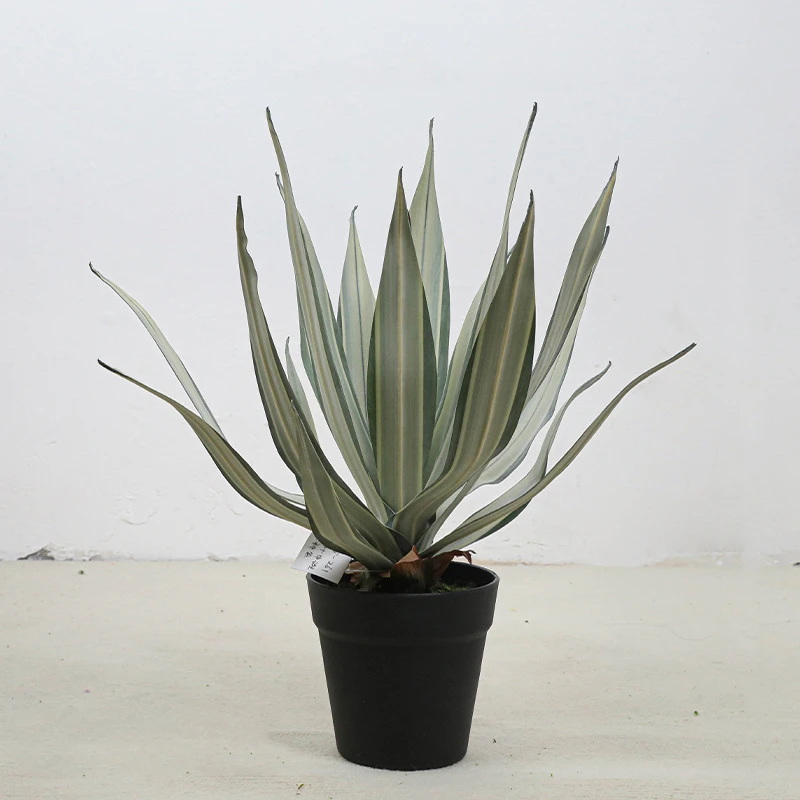 Frosted white margin potted artificial agave finished in a plain black grower's pot
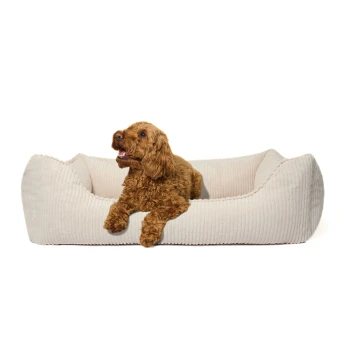 Hundebett ANTON Cord Beige M Ein plüschiges, beiges Haustierbett mit gerippter Textur und erhöhten Rändern, entworfen für Komfort und Unterstützung.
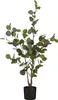 Mica Decorations Eucalyptus plante artificielle dans pot de Voir les images du produit 1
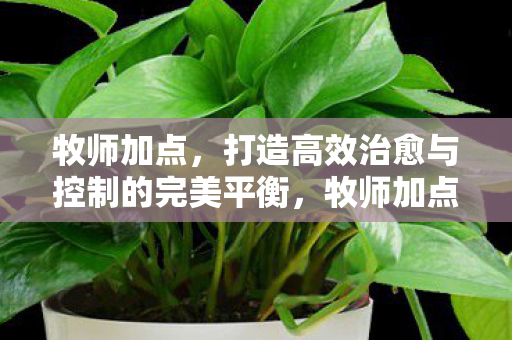牧师加点,打造高效治愈与控制的完美平衡,牧师加点,打造高效治愈与控制的完美平衡 牧师加点,打造高效治愈与控制的完美平衡,牧师加点,打造高效治愈与控制的完美平衡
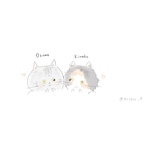専用ページ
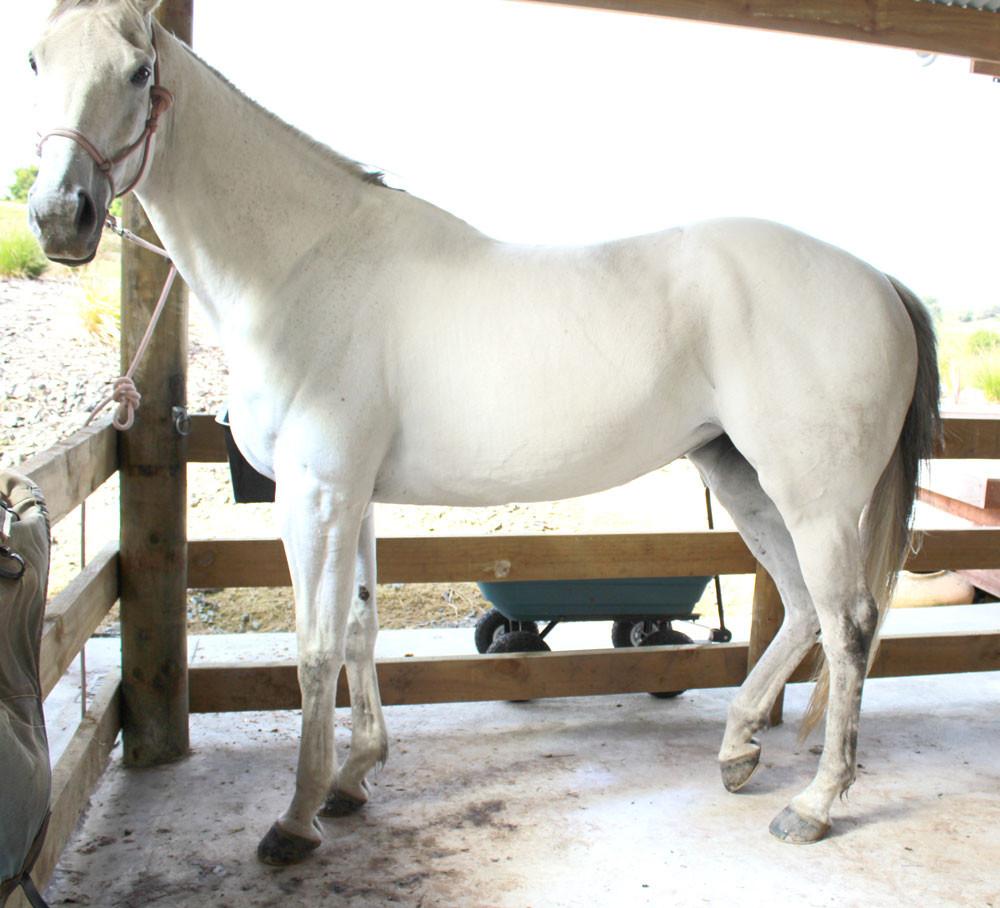 Naturally White Soap in a Tin - Saddlery Direct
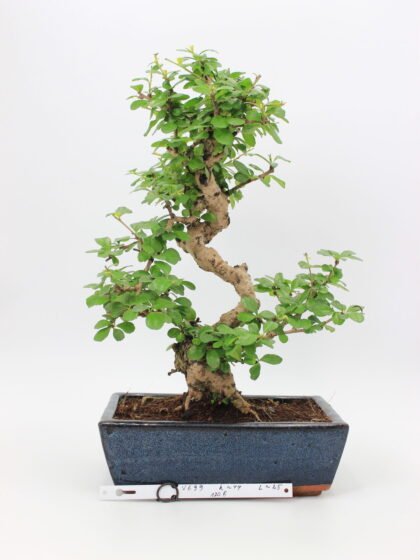 carmona bonsai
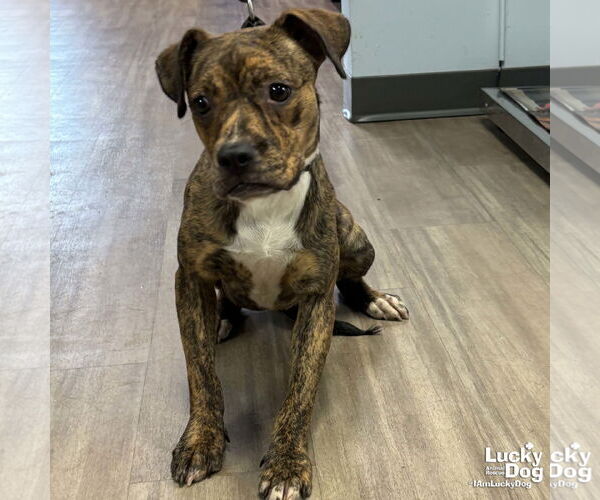 Medium Photo #2 Boxer-Unknown Mix Puppy For Sale in Washington, DC, USA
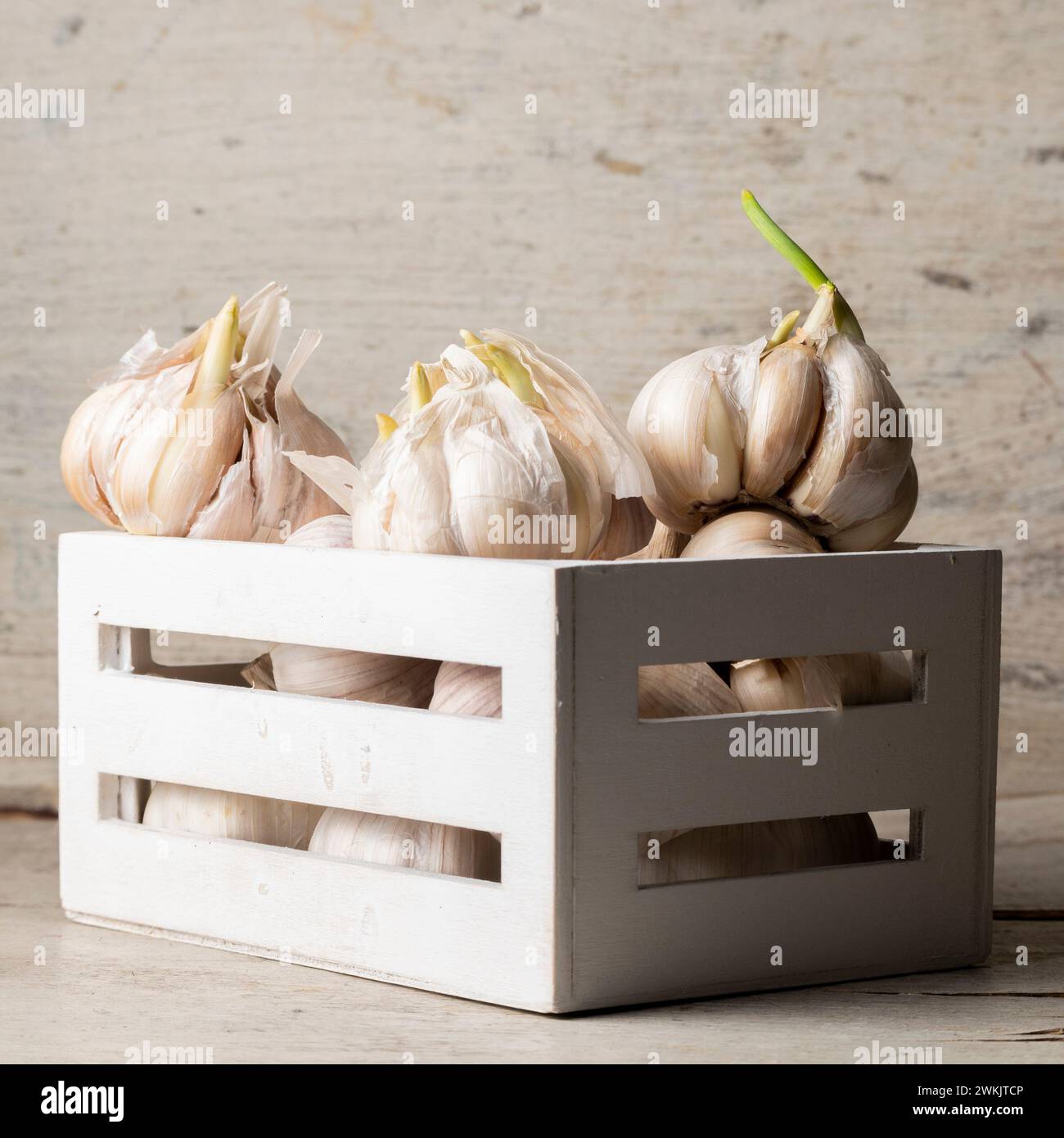 Nahaufnahme von gekeimtem trockenem Knoblauch, gesunde Lebensmittelzutat, landwirtschaftliche Nahrungsmittelernte Stockfoto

▬▬▬

▶ Problem: Print the listing exactly, minus any pictures.

▶ Result of this exercise:
 Frosted white margin potted artificial agave finished in a plain black grower's pot
 Hundebett ANTON Cord Beige M Ein plüschiges, beiges Haustierbett mit gerippter Textur und erhöhten Rändern, entworfen für Komfort und Unterstützung.
 Mica Decorations Eucalyptus plante artificielle dans pot de Voir les images du produit 1
牧师加点,打造高效治愈与控制的完美平衡,牧师加点,打造高效治愈与控制的完美平衡 牧师加点,打造高效治愈与控制的完美平衡,牧师加点,打造高效治愈与控制的完美平衡
専用ページ
 Naturally White Soap in a Tin - Saddlery Direct
 carmona bonsai
 Medium Photo #2 Boxer-Unknown Mix Puppy For Sale in Washington, DC, USA
 Nahaufnahme von gekeimtem trockenem Knoblauch, gesunde Lebensmittelzutat, landwirtschaftliche Nahrungsmittelernte Stockfoto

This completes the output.